● TRY IT
Please transcribe only the lines that run from the line bearing "Seaside Casual SYM" to the end of the entries, keeping both end lines. Skip the pictures.

● AVAILABLE DATA
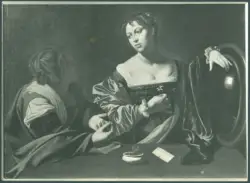 Marta rimprovera Maddalena per la sua vanità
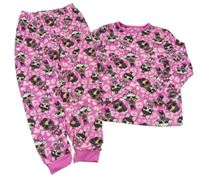 Tmavorůžové vzorované pyžamo s L.O.L. Surprise Primark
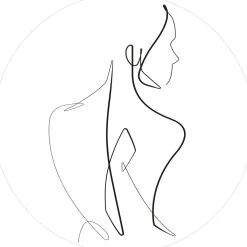 Glasbild FACE LINES II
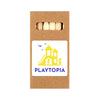 Colouring Short Handle Cotton Bag  Pencils [2-LL5523]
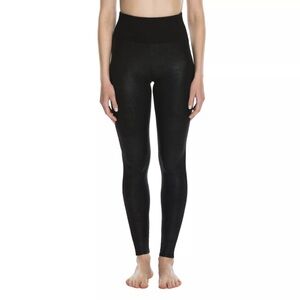 Spanx front half faux leather leggings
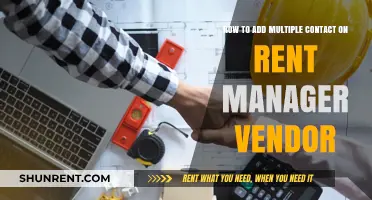 Efficiently Add Multiple Contacts to Rent Manager Vendors: A Step-by-Step Guide
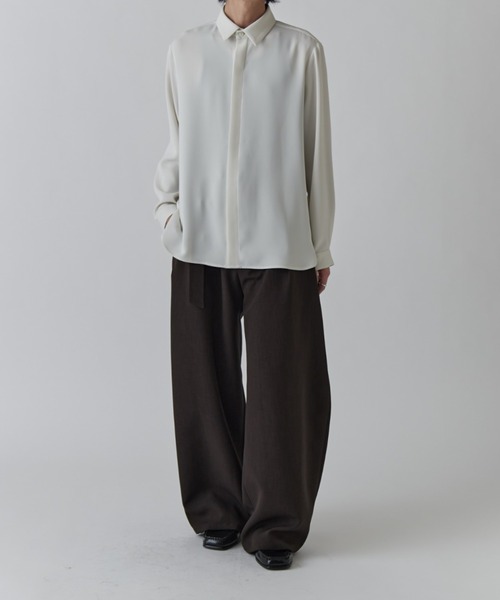 Lui's（ルイス）の「ソフトタッチベーシックシャツ（シャツ/ブラウス・メンズ・ホワイト/ブラック/ネイビー・M/S）」の18枚目の写真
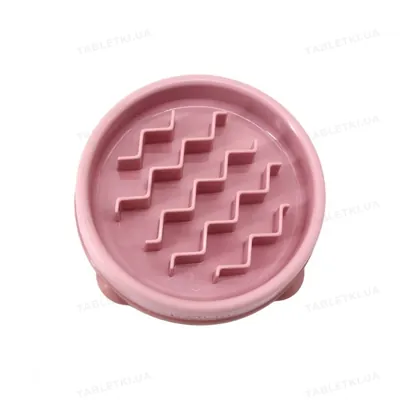 Миска-лабіринт для собак Outward Hound Fun Feeder oh69754 Хвиля, мала, рожева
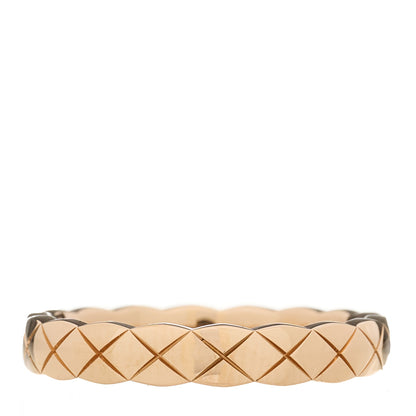 Chanel 18K Beige Gold Mini Coco Crush Ring 51 5.75 1 of 7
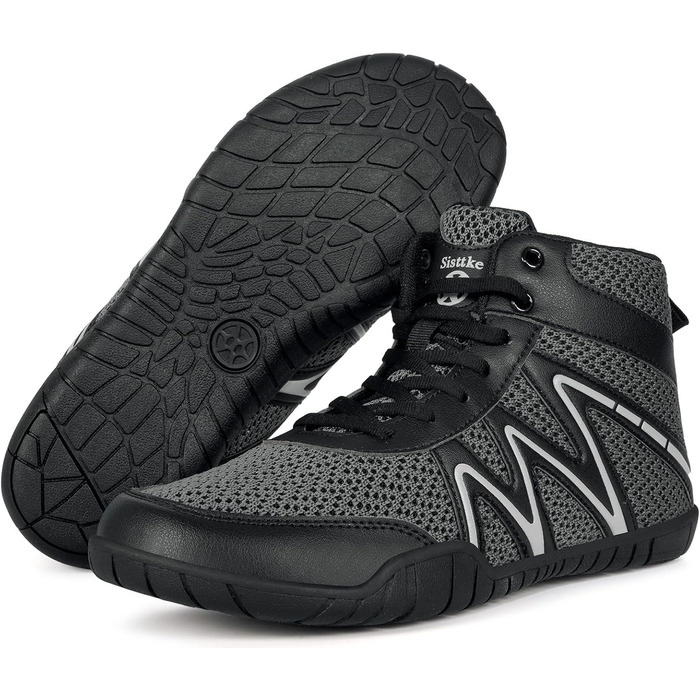 Чоловічі борцівки, боксівські туфлі, фітнес-кросівки, підошва Zero-Drop, синьо-зелені (46 EU, широкі, темно-сірі)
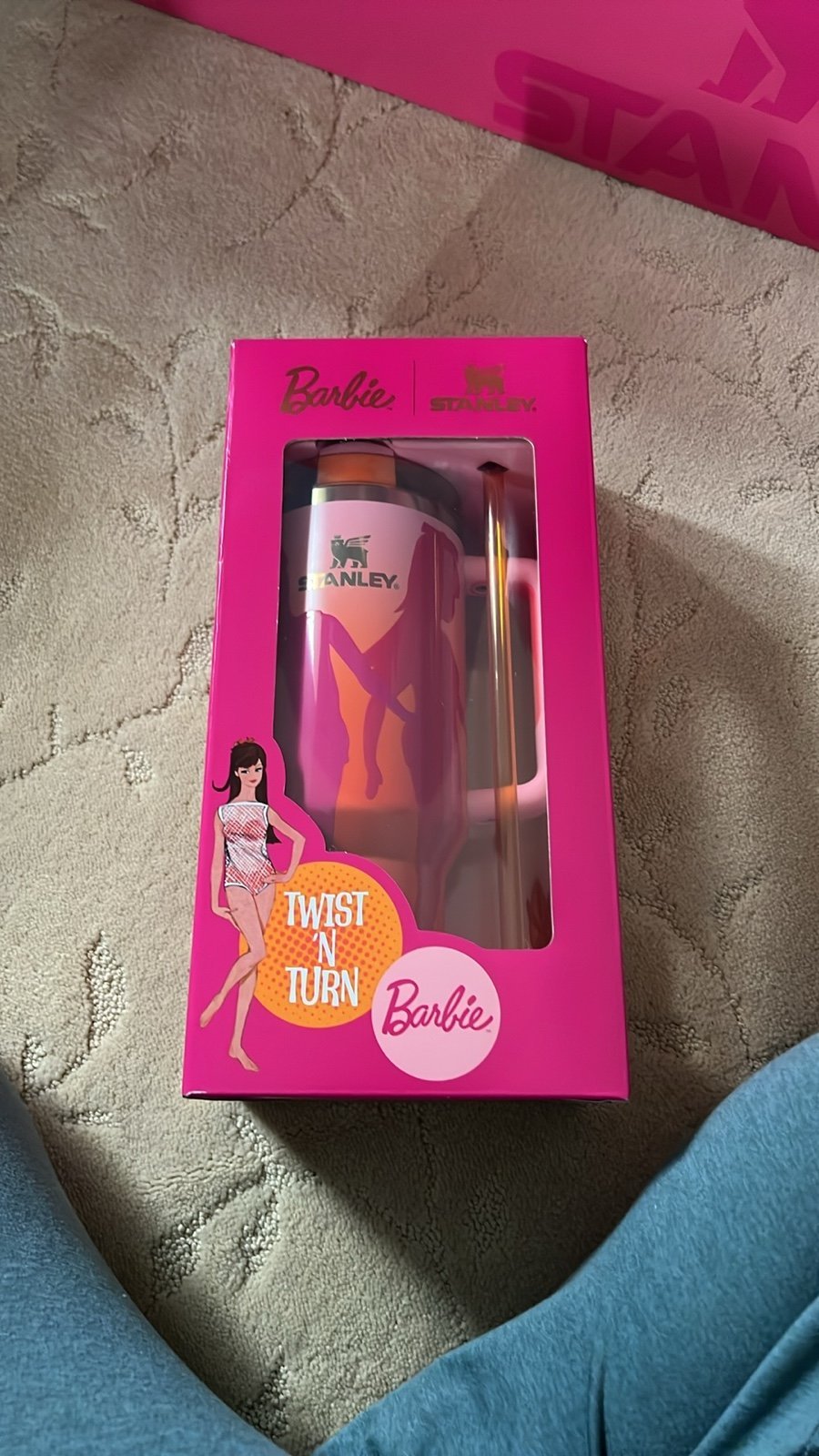 Stanley x Barbie 60S TWIST 'N TURN 40 OZ QUENCHER NIB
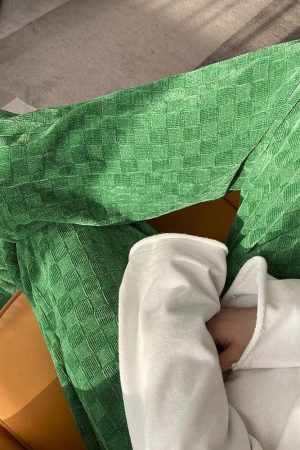 Quick Outfits, Modest Fashion Outfits Ideas Y2K Checkered Elasticated Sweatpants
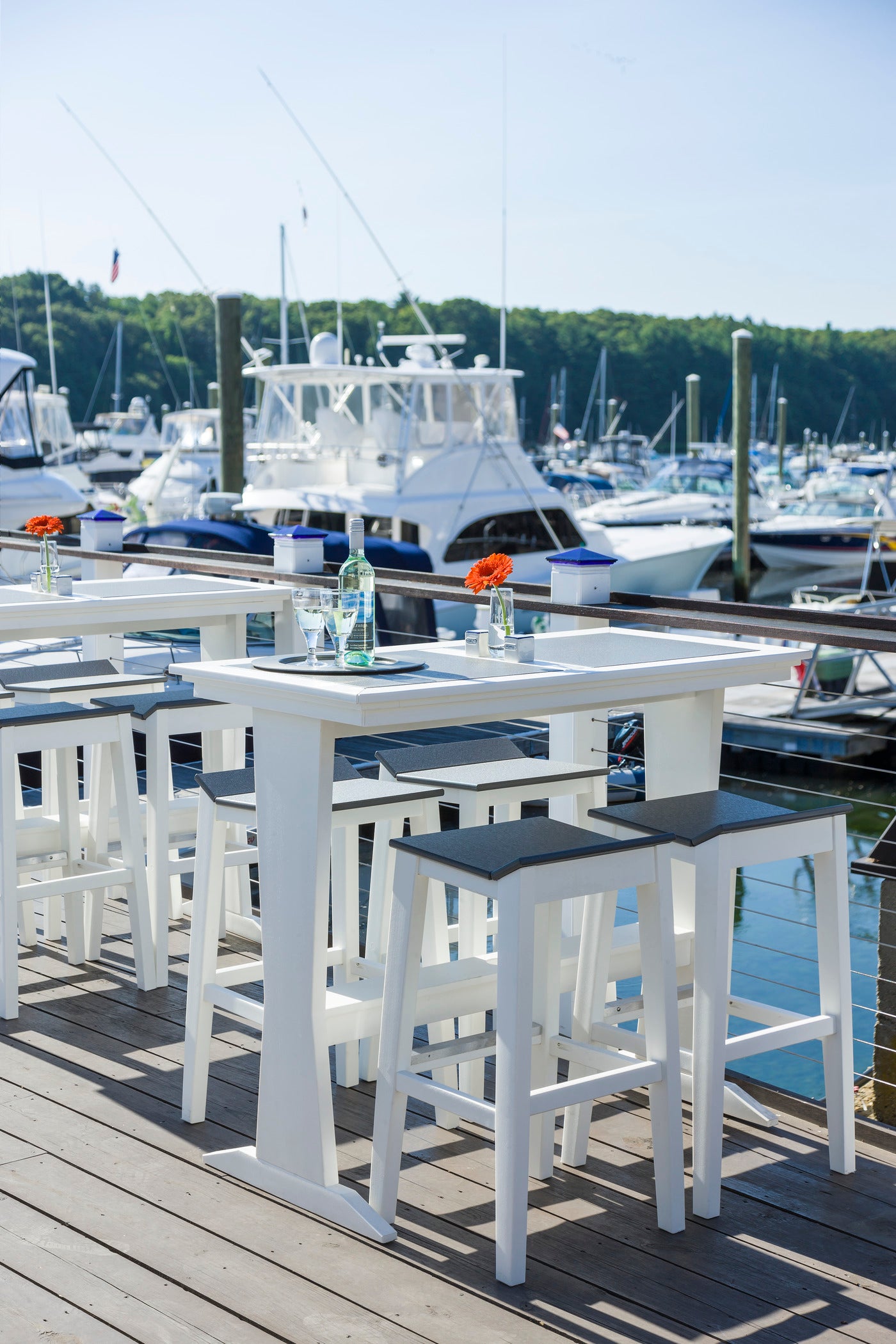 Seaside Casual SYM Pub Table – Modern Outdoor Bar-Height Table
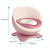 Gymax Toddler Egg-shaped Real Potty Training Toilet /removable Container Pink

● OUTPUT OF THE EXERCISE
 Seaside Casual SYM Pub Table – Modern Outdoor Bar-Height Table
 Gymax Toddler Egg-shaped Real Potty Training Toilet /removable Container Pink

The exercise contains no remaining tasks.